Man-Moth

Man-Moth Summary and Analysis of Stanzas 4-6

Summary

After his failed attempt to reach the moon, the Man-Moth goes back to his underground home. There, he flutters around, and tries to get on subway train cars where the doors close too quickly for him. He sits facing in the wrong direction. The trains move so quickly, without any signals to tell the Man-Moth how fast they are going or in which direction, that the Man-Moth has no idea how fast he's moving backward. Each night, as the Man-Moth rides the train through the underground passages, he has recurring dreams. These repeat in his mind just as the tracks repeat under the train. He's afraid to look out of the windows and see the dangerous third rail of the train tracks. The Man-Moth feels that he's especially vulnerable to this danger, so he keeps his hands inside the protected space of his pockets.

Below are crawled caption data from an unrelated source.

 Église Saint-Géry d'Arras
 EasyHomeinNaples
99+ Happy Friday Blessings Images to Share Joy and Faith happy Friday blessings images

The speaker then directly addresses a "you"—the reader, or another unnamed listener. The speaker tells the addressee that, if they ever manage to catch the Man-Moth, they should shine a light in his eye. His eye is made up of just the pupil, seeming to contain the night. As he looks back, the speaker explains, the Man-Moth will close his eye, and a single tear will emerge from it. He might try to wipe it away and disguise it. However, if you look at him closely, he'll pass it to you. The tear will be cold like an underground spring, and clean enough for you to drink.

Analysis

While the Man-Moth himself is a fantastical, invented being, the setting he inhabits is in a purely factual sense not at all unusual. Bishop describes him living in a city with tall buildings and a shining moon, among ordinary humans, and riding an underground train—none of which is, on its own, strange or unusual. Yet Bishop's descriptive mode renders this environment ominous. She defamiliarizes the ordinary urban landscape partially by describing the typical in such painstaking detail that it begins to seem atypical. She does this in the poem's first half, with details like "The whole shadow of Man is only as big as his hat." But the technique of depicting the normal as abnormal, even surreal, reaches its peak in the latter half of this poem. For instance, when describing the movements of the underground metro, Bishop describes the speed and smoothness of the train in such painstaking detail that it begins to seem unnatural and entirely new.

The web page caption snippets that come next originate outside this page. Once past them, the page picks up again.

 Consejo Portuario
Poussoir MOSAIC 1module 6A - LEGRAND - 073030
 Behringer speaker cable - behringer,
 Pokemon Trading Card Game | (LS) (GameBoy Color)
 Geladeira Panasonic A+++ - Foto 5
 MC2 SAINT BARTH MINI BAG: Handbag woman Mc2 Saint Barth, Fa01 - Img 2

By portraying this urban landscape as bizarre and confusing, Bishop helps readers gain a sense of the Man-Moth's own feelings of alienation from his surroundings—for instance, the way that he experiences the train as dangerous, overwhelming, and bewildering. More broadly, she suggests that contemporary urban life as a whole is unnatural, causing people to feel alienated from one another and from their surroundings. The image of the train picking up speed, "without a shift in gears or a gradation of any sort," offers an example: it describes the very infrastructure of modern city life as devoid of intuitive, embodied experiences that allow people to orient themselves and connect to others. Meanwhile, the Man-Moth fears the third rail, avoiding even glancing at it and fearing that he is especially susceptible to it. Here, the modern city has few real pleasures, but it does offer dangerous, destructive temptations that must be kept at bay. He rides the train facing backward, as if so cut off from his environment that he has no interest in or sense of something as basic as the direction in which he moves.

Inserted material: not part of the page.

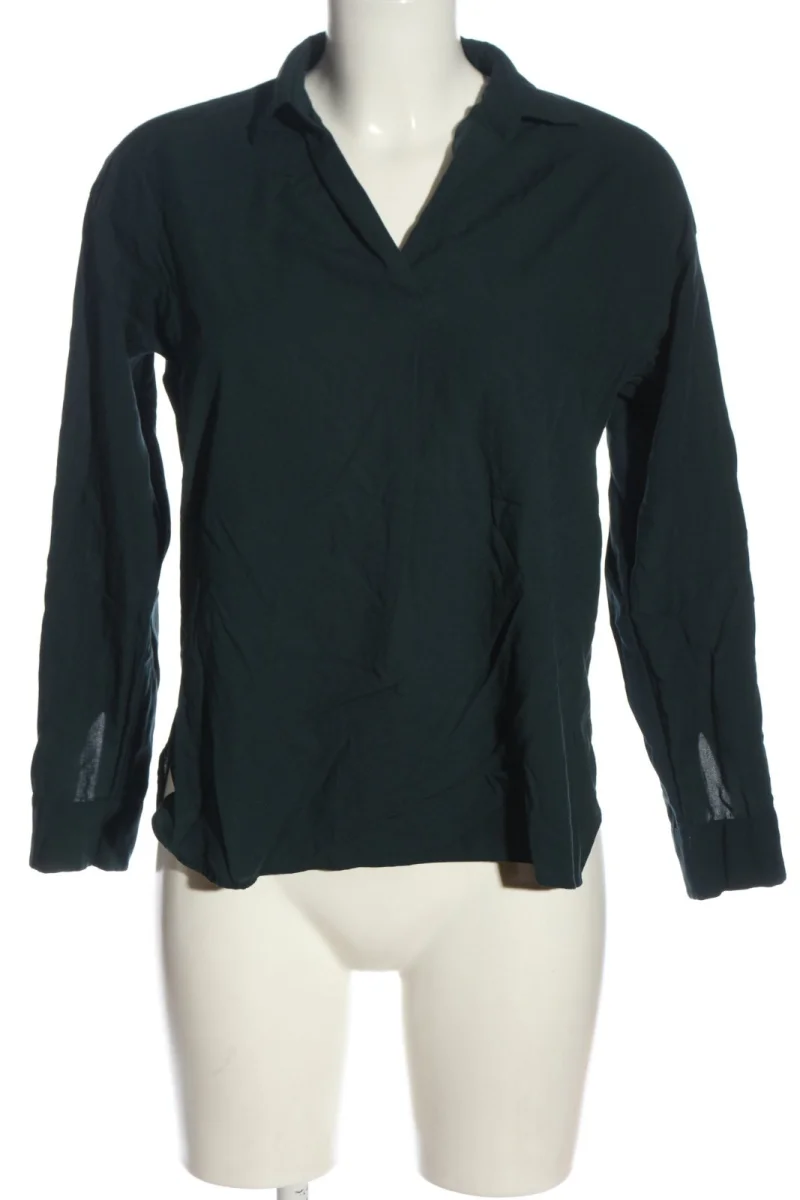 UNIQLO Bluse Bild 1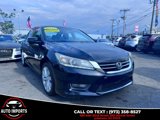 Used 2015 Honda Accord EX-L image 3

Throughout this work, the Man-Moth doesn't only feel afraid of and alienated from his surroundings. He also quite literally experiences no interactions at all. Though "Man" appears in the poem, it is only as part of the work's backdrop—Man and the Man-Moth never cross paths. Otherwise, his city is curiously devoid of other beings. At the end of the poem, Bishop reverses this by evoking an intimate moment. In fact, she does so doubly by pivoting to directly address the reader. The use of the second person creates a sense of vulnerability and closeness, with communication playing out between speaker and addressee as well as between the addressee and the Man-Moth. During this sudden, climactic moment of face-to-face intimacy, the Man-Moth finally succeeds at connecting with the outside world (in contrast to the poem's early stanzas, in which his attempts to reach and explore the moon are thwarted). The Man-Moth is described as passing one of his tears to the "you," in a sudden display of candid openness. Moreover, this tear is compared to an "underground spring," creating a contrast with the underground trains described elsewhere in the poem. While these trains are cramped and unnatural, these underground springs are both natural and unrestricted, with connotations of change, fluidity, and freedom. For the first time, in a small and bittersweet way, the Man-Moth manages to interact meaningfully with the outside world.